Press Release on May 10, 1998
WASHINGTON, D.C. - Delegations from over 11 Vietnamese-American communities across the U.S. have arrived in Washington to launch the Human Rights for Vietnam Campaign which will run from May 11 to 13. The delegations will meet with over 50 congressional members and officials from the State Department and National Security Council to appeal for the review of the Jackson-Vanik Waiver and human rights conditions in Vietnam and support for pending congressional bills imposing sanctions against countries, including Vietnam, with abysmal records of human rights violations and religious persecution.
This nationwide campaign is largely in response to President Clinton's decision last March granting the Jackson-Vanik Waiver for Vietnam which allows the U.S. to extend numerous trade benefits to this communist regime in disregard of the country's human rights conditions and restrictions imposed by the Jackson-Vanik Amendment. There are currently two congressional bills, HR 3158 & 3159, which if passed, would nullify the Administration's waiving decision and prohibit such waiver until there is concrete improvement in human rights and free emigration in Vietnam. The Jackson-Vanik Waiver will come up for review by Congress in June of this year.

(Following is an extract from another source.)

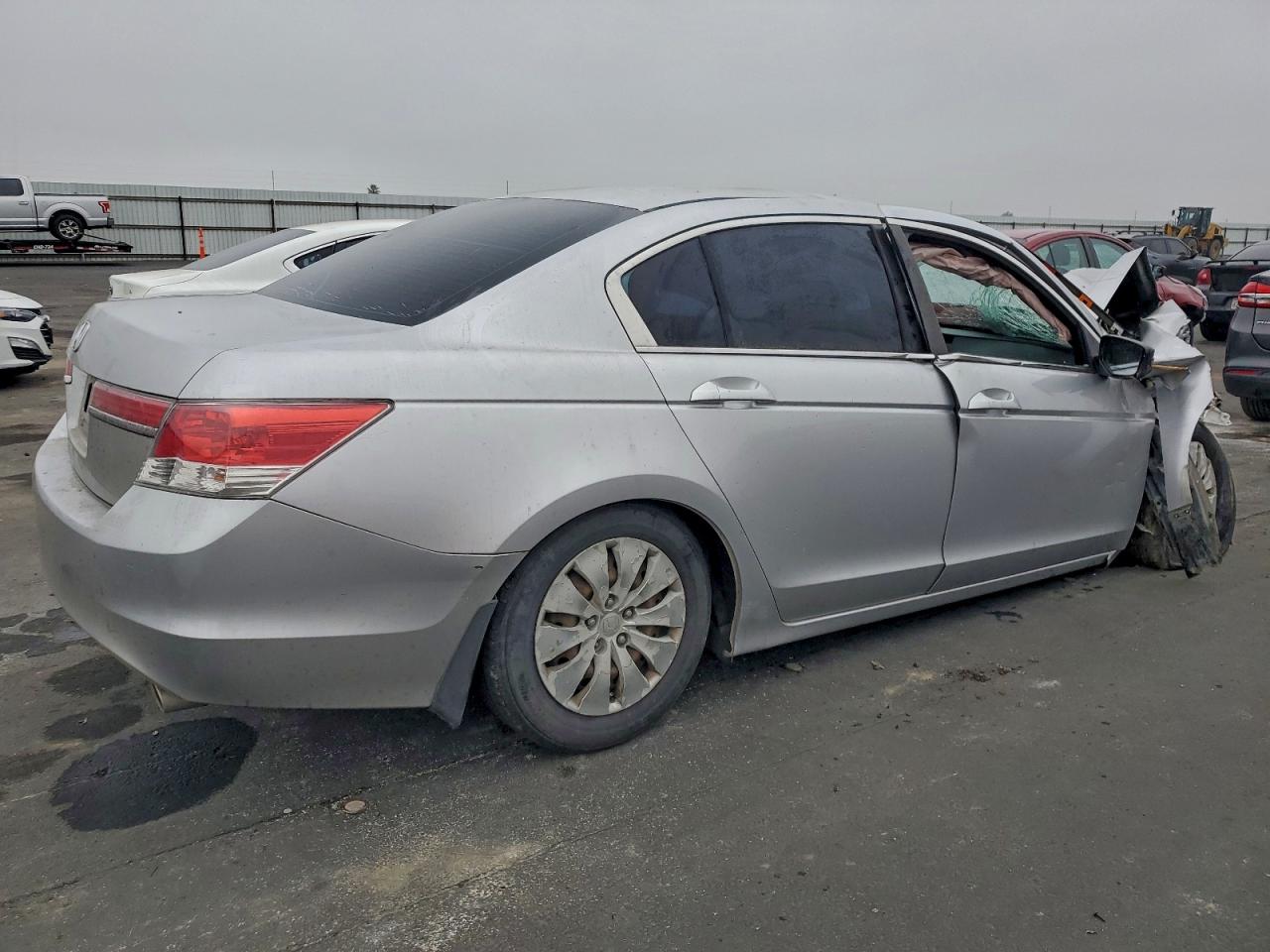 2012 HONDA ACCORD LX photo 3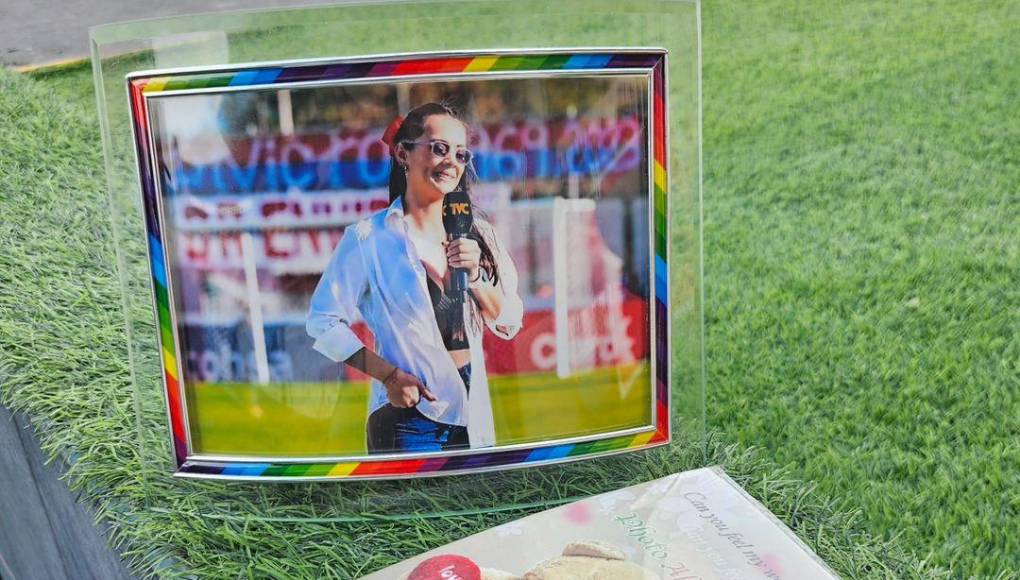 Este fue el lindo detalle que recibió Isabel Zambrano en el estadio Nacional de parte de aficionado del Olimpia.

The delegations will ask Congress and the Clinton Administration to rescind the Jackson-Vanik Waiver and to support one of the pending bills, H.R. 2431, also known as the "Freedom from Religious Persecution Act of 1998", which prohibits granting economic benefits to countries which still imprison or persecute religious leaders. The delegations plan to present lists of over 160 Vietnamese religious clergy and a dozen most prominent political dissidents still being imprisoned by the Vietnamese government. There are currently over 1,000 verified cases of political dissidents being detained or imprisoned in Vietnam based on their political beliefs or activities.
Immediately following the waiver of Jackson-Vanik Amendment last March, Vietnam blatantly reduced its cooperation in the Resettlement Opportunity for Vietnamese Returnees Program (ROVR), which was the main justification for the Clinton Administration's waiver. "This is the normal behavior of the Vietnamese government in dealing with the U.S., which always end up holding the short end of the bargain, " members from the campaign said.
The focus of this campaign is to ensure that the U.S. will link economic benefits to Vietnam with the Vietnamese government's improving its human rights records and respecting its citizens' rights to free emigration, especially those of special interests to the U.S.